The affidavit and warrant mention "physical" metadata that they say supports their case, but it's all circumstantial

1. The documents show evidence of creases/folding, which indicates that someone had to secret it out physically (i.e. they printed it first) from the NSA. But that folding/creasing could come from the reporters printing out their own copies of the document.

2. The affidavit says that of the 6 employees to have had printed out the document, Winner was the only one to have email contact with The intercept. But the warrant specifies that this email contact occurred using her private GMail address in March, and it was limited to 2 emails: her subscribing the The Intercept podcast, and a confirmation email. i.e. she didn't use email (that we know of) to talk to the Intercept.

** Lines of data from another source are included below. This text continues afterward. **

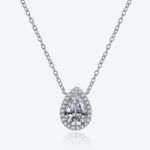 Picture of Elegant Halo Pear Cut Necklace For Women In Sterling Silver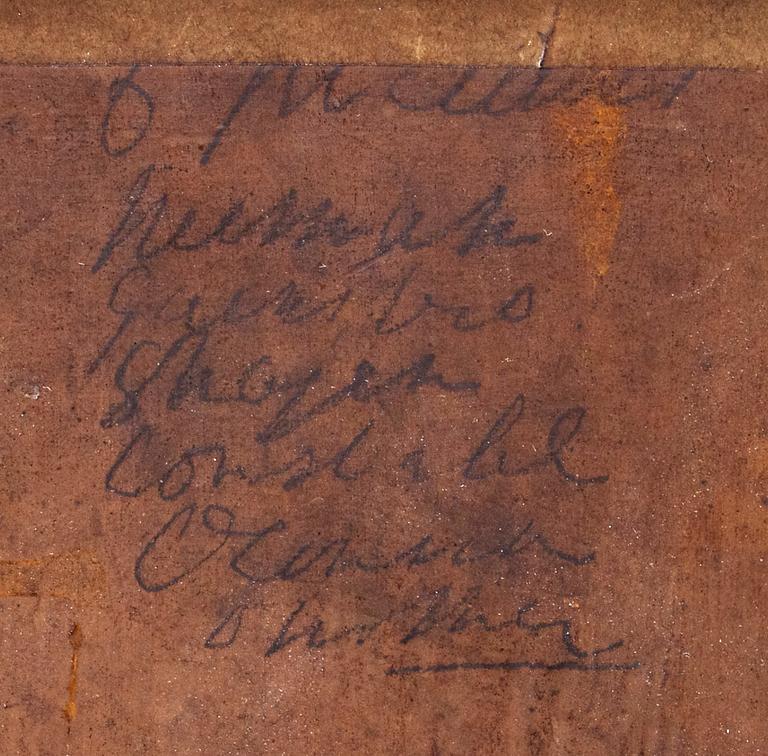 OKÄND KONSTNÄR, olja på pannå, 1800-talets mitt.
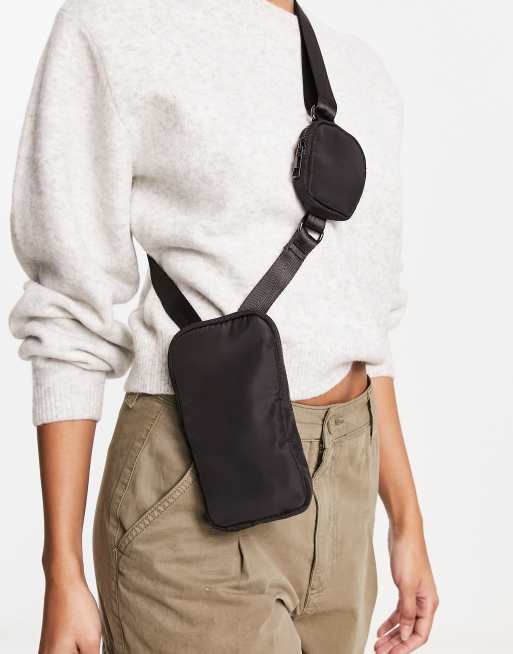 Threadbare - Sort crossbody-taske med pung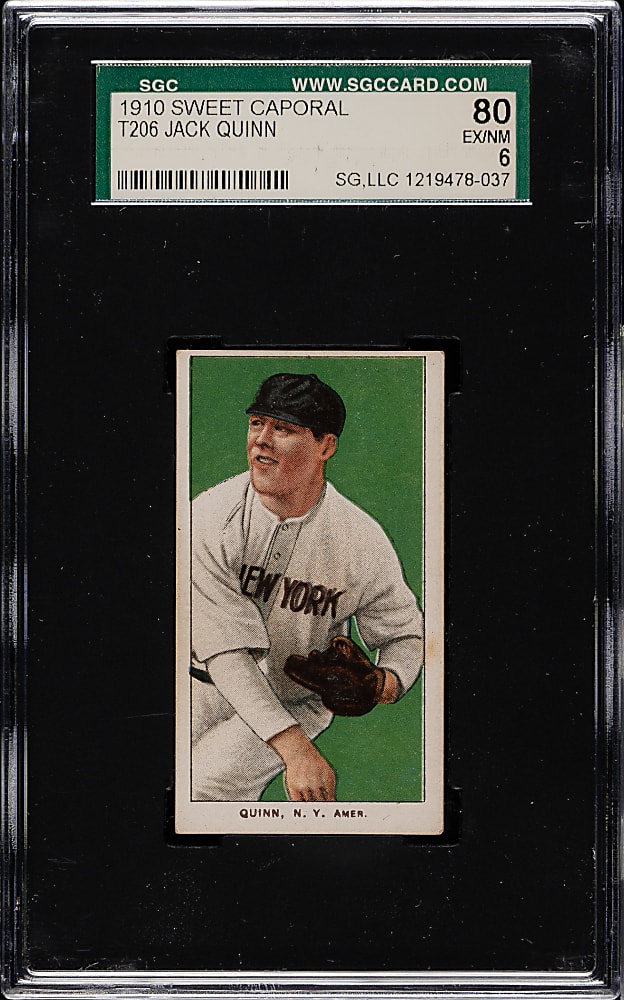 1909-1911 T206 White Border Jack Quinn SGC EX/NM 80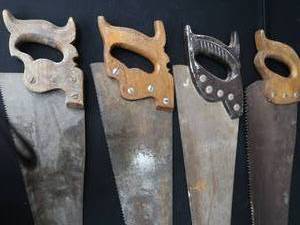 lot 137 image: 4 VINTAGE WOOD HAND SAWS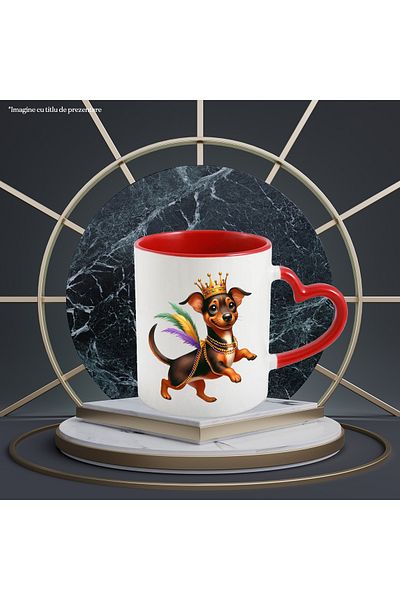 StoryGift Romania Cana cu un catel Dachshund, ilustratie, vesel, danseaza, acrobatii, circ, pene, , Cu Maner Inim STG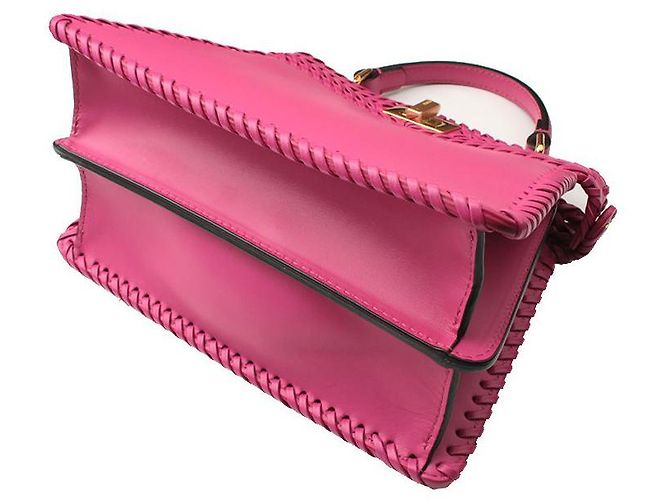 Fendi Mini Peekaboo oro intrecciato viola e borsa a tracolla Porpora - vista 4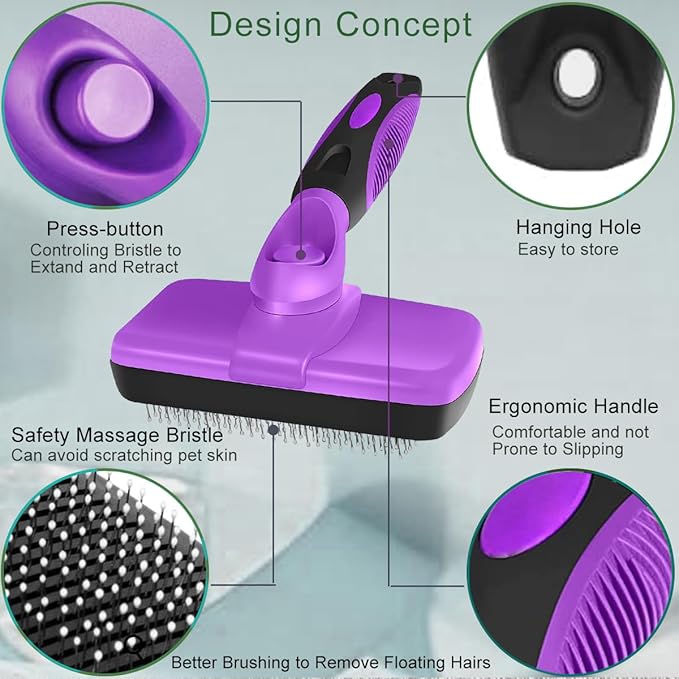 Self Cleaning Slicker Brushes for Pets,Dog Brush for grooming,Massaging Tool Suitable for Dog or Cat,Dog Brush or Cat Brush. (Purple)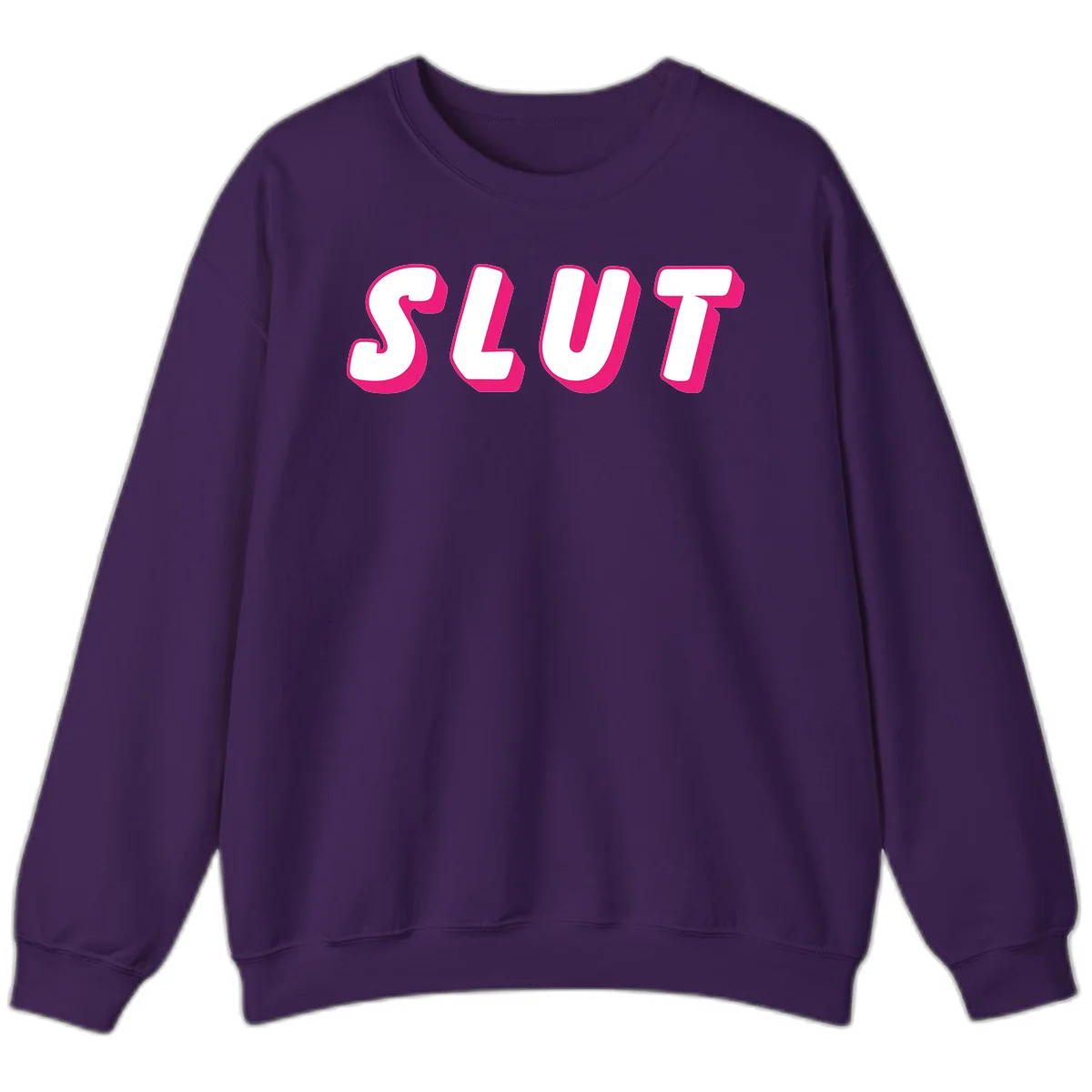 Bold magenta 3D block letters spelling 'SLUT' on gray background, slut-pride-statement design in Purple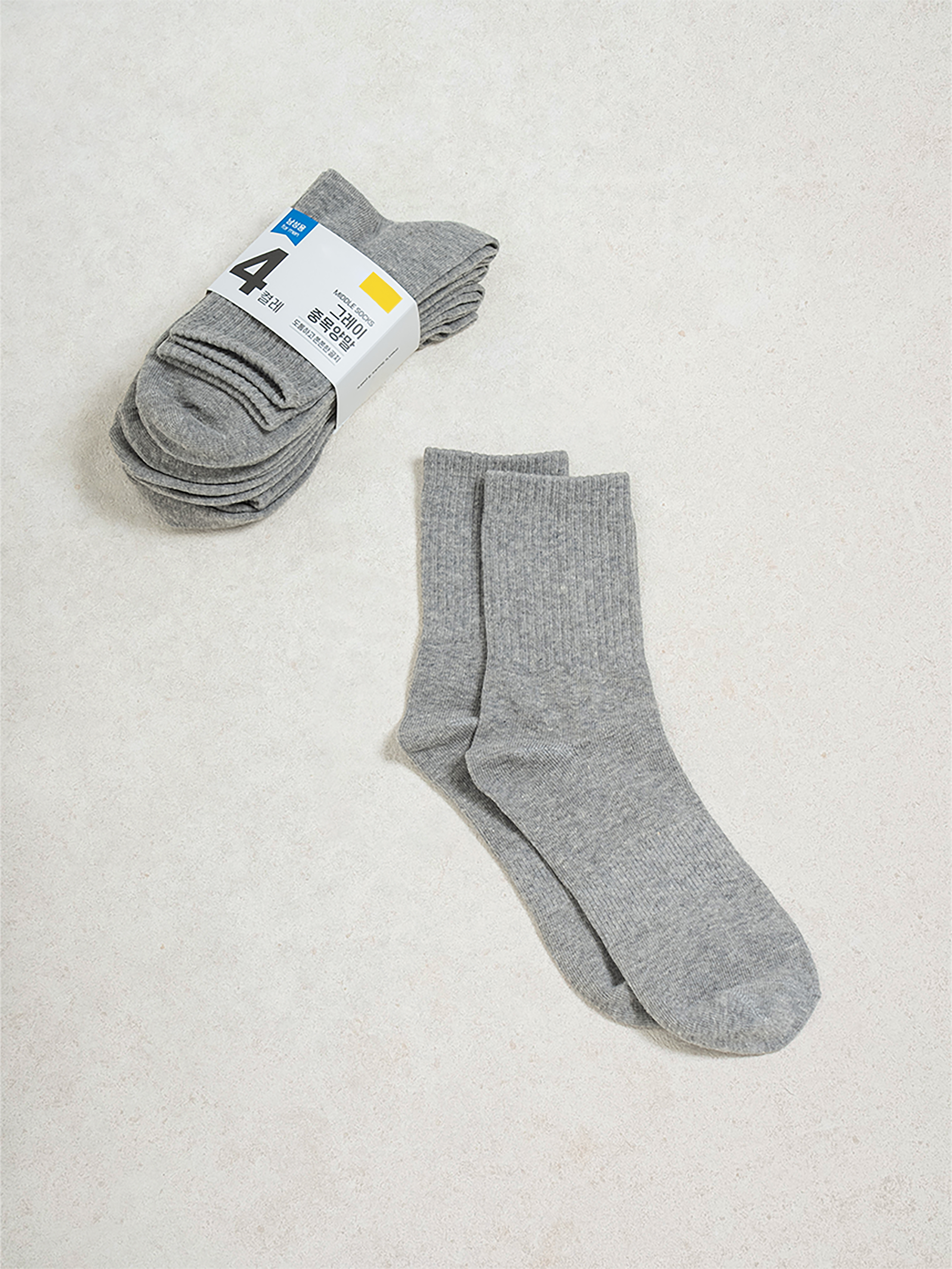 DAISO Men's Bone Joint 4-Leg Socks (Gray)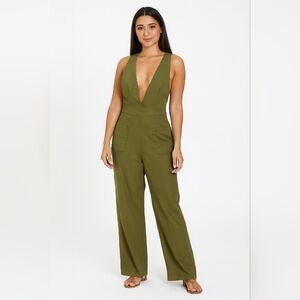 Sincerly Jules‎ Romper/Jumpsuit Army Green Size Large
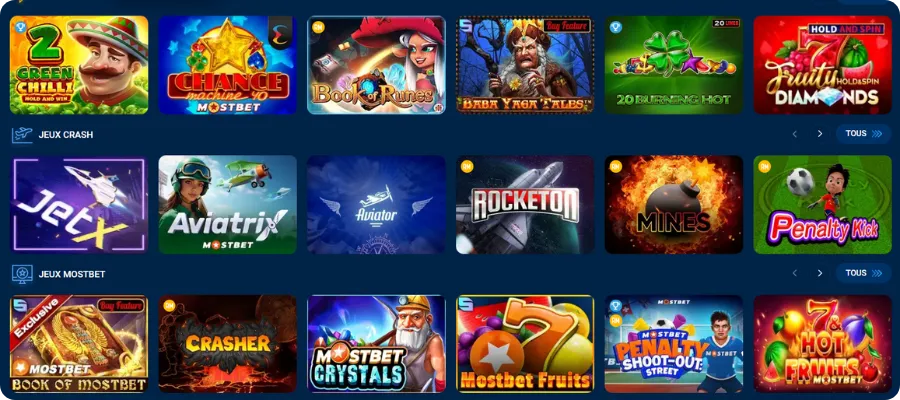Mostbet Jeux de casino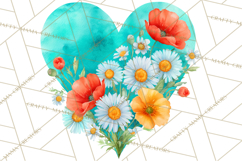 Valentine Hearts and Flowers Clipart, Watercolor Heart Png Product Image 5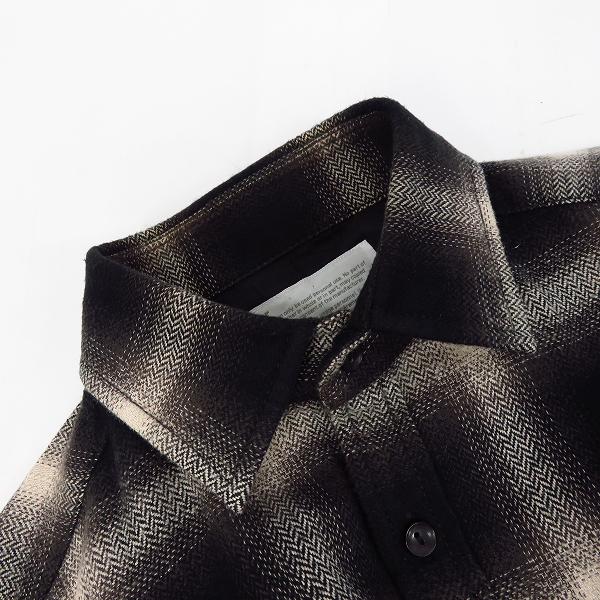 実際に弊社で買取させて頂いたKOLOR/カラー 15AW オンブレチェック 長袖シャツ 15WCM-B08114ブラック×ホワイト/1の画像 4枚目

There's no mention of the yellow dots, which, sure, we could argue that the NSA is just keeping that bit of tradecraft secret. But keep in mind that the NSA started their investigation last week, with the FBI interviewing Winner just a few days ago (on a Saturday no less).

The other key point is that, according to the warrant, the Intercept journalist sent along the leaked documents to a NSA source for confirmation using a smartphone, i.e. they texted smartphone photos of the documents. It seems possible that that kind of ad hoc scanning would make the yellow dots illegible, depending on how much care was taken to photograph the documents.

At any rate, it's kind of irrelevant. Assuming Winner used her own NSA credentials to peruse the system, the access control logs were all that were needed to out her as fast as the NSA and FBI were able to. However, it's worth noting that if the NSA had been clueless until the Intercept's published report, the actual published document apparently did reveal the yellow dots. This means that if even if Winner were one of many NSA employees to print out the documents, the yellow-dot timestamp would greatly help in narrowing the list of suspects.

So, it's wrong to say the Intercept outed her, because we don't know what would've happened in an alternative reality in which the NSA didn't start its investigation until after seeing the published report. It is OK, probably, to speculate that the Intercept was sloppy in handling the documents...but that's not what led to Winner being outed so quickly.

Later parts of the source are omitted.